◆ **WORK ITEM**: Retype, exactly as they appear below, the lines between the line holding "Sıcak ışıklarla aydınlatılmış" and the line holding "Petite fille portant", both ends included.

◆ **EXERCISE DATA**:
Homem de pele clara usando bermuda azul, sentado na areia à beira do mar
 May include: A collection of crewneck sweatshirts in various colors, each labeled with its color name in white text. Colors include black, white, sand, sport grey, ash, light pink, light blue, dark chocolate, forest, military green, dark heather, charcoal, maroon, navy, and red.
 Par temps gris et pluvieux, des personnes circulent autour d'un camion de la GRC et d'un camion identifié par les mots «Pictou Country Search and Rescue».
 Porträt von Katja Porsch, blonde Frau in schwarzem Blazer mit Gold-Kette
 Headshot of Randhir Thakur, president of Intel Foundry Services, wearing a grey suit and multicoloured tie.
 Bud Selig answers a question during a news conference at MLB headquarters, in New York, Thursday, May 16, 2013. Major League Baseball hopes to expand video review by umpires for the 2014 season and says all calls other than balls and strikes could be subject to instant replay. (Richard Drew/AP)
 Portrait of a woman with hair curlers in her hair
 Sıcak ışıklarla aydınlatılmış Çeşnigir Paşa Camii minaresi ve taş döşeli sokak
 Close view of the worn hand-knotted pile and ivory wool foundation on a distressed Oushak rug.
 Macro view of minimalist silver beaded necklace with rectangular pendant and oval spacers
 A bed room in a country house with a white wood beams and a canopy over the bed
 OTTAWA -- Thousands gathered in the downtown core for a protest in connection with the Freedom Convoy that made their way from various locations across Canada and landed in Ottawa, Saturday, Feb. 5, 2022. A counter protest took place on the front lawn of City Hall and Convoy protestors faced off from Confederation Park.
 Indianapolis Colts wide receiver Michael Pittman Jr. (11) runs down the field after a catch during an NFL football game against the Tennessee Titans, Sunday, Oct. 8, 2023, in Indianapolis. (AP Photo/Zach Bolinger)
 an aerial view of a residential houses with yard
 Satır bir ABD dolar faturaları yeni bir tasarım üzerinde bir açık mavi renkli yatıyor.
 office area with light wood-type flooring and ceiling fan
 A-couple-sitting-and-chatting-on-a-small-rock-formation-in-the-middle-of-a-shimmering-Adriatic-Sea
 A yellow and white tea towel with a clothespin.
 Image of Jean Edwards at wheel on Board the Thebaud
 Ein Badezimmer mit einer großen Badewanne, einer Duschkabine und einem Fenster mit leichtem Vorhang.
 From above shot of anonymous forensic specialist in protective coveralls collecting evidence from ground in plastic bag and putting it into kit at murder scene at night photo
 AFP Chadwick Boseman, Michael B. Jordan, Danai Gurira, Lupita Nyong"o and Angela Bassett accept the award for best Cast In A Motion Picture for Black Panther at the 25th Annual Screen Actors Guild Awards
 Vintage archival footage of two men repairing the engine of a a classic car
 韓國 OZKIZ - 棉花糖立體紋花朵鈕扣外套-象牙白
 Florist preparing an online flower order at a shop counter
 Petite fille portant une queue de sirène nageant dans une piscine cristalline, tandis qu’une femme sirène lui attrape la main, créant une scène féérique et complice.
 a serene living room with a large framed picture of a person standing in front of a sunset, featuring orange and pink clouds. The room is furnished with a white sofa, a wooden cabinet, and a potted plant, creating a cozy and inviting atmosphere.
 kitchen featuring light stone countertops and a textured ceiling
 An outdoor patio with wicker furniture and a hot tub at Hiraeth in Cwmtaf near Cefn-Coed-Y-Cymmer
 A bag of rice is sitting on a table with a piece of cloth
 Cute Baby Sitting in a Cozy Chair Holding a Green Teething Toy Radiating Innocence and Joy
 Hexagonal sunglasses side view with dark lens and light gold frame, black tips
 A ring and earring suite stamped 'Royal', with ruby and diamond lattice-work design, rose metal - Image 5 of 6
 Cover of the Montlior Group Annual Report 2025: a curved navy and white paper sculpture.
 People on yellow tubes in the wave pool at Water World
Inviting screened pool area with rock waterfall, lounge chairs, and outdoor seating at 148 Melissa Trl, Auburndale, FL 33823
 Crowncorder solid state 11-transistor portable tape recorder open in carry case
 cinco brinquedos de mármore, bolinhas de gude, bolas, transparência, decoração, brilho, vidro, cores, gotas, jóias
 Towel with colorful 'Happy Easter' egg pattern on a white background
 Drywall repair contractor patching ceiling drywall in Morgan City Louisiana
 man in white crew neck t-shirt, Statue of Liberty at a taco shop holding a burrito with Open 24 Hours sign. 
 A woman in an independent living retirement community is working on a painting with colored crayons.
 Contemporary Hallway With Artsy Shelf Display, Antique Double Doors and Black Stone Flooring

◆ **EXPECTED ANSWER**:
 Sıcak ışıklarla aydınlatılmış Çeşnigir Paşa Camii minaresi ve taş döşeli sokak
 Close view of the worn hand-knotted pile and ivory wool foundation on a distressed Oushak rug.
 Macro view of minimalist silver beaded necklace with rectangular pendant and oval spacers
 A bed room in a country house with a white wood beams and a canopy over the bed
 OTTAWA -- Thousands gathered in the downtown core for a protest in connection with the Freedom Convoy that made their way from various locations across Canada and landed in Ottawa, Saturday, Feb. 5, 2022. A counter protest took place on the front lawn of City Hall and Convoy protestors faced off from Confederation Park.
 Indianapolis Colts wide receiver Michael Pittman Jr. (11) runs down the field after a catch during an NFL football game against the Tennessee Titans, Sunday, Oct. 8, 2023, in Indianapolis. (AP Photo/Zach Bolinger)
 an aerial view of a residential houses with yard
 Satır bir ABD dolar faturaları yeni bir tasarım üzerinde bir açık mavi renkli yatıyor.
 office area with light wood-type flooring and ceiling fan
 A-couple-sitting-and-chatting-on-a-small-rock-formation-in-the-middle-of-a-shimmering-Adriatic-Sea
 A yellow and white tea towel with a clothespin.
 Image of Jean Edwards at wheel on Board the Thebaud
 Ein Badezimmer mit einer großen Badewanne, einer Duschkabine und einem Fenster mit leichtem Vorhang.
 From above shot of anonymous forensic specialist in protective coveralls collecting evidence from ground in plastic bag and putting it into kit at murder scene at night photo
 AFP Chadwick Boseman, Michael B. Jordan, Danai Gurira, Lupita Nyong"o and Angela Bassett accept the award for best Cast In A Motion Picture for Black Panther at the 25th Annual Screen Actors Guild Awards
 Vintage archival footage of two men repairing the engine of a a classic car
 韓國 OZKIZ - 棉花糖立體紋花朵鈕扣外套-象牙白
 Florist preparing an online flower order at a shop counter
 Petite fille portant une queue de sirène nageant dans une piscine cristalline, tandis qu’une femme sirène lui attrape la main, créant une scène féérique et complice.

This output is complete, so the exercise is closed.